My view on this has always been that Blair had become a liability for Labour long before 2005 and that had Brown been leader at the last GE the party would actually have won a majority in excess of 100, but Mike disagrees and thinks that if Blair were still leader the Tories' lead now would still be only in single figures.
Most of the posters on PB.com sided with Mike on this but there was some support for my point of view from the distinguished pollster Robert Waller who made the following very interesting comment:
"By 2005 Blair was a very significant disadvantage to Labour, with Professor Harold Clarke and other academics using the British Election Study claiming that there would have been another 100 plus landslide majority if he had not been PM at the last general election.
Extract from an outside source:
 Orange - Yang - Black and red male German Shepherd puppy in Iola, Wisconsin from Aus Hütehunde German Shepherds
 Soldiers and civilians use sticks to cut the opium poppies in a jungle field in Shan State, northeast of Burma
"Thereafter, he did have to go, forced out earlier than he intended by pressure within various sections of the party culminating in the ‘plots’ around the time of the Lebanese invasion/crisis.
"With his party as well as the public thoroughly fed up with him, there was no possibility of remaining; the massive sigh of relief was the cause of the ‘Brown bounce’ (that really wasn’t Brown’s attractions!) in the third quarter of 2007. If for some reason Blair had managed to avoid all the pressure to go in mid 2007, the head of steam of ‘time for a change’ would just have got stronger and stronger.
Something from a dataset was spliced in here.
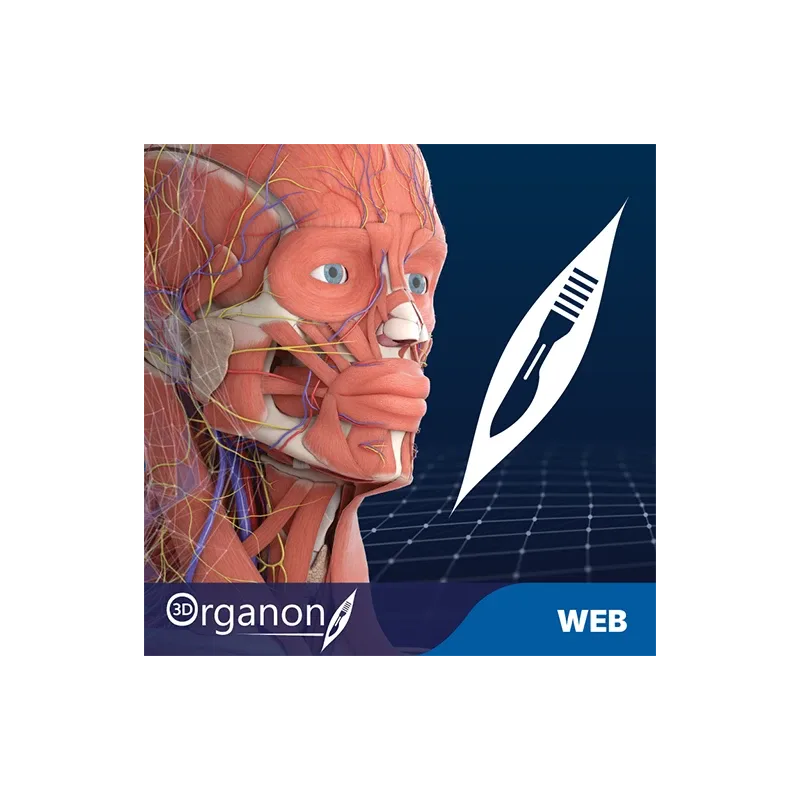 3D Organon for your web | Standard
"In addition he would have faced almost all the significant problems Brown does, unless he would be able to work a miracle with the oil and other commodity prices and economic peessimism which are the reasons for Labour’s current dire position in the polls. They would surely have been even worse off under Blair."
Ultimately, of course, as one other poster pointed out, all such counterfactuals are meaningless. But they are good fun, nevertheless.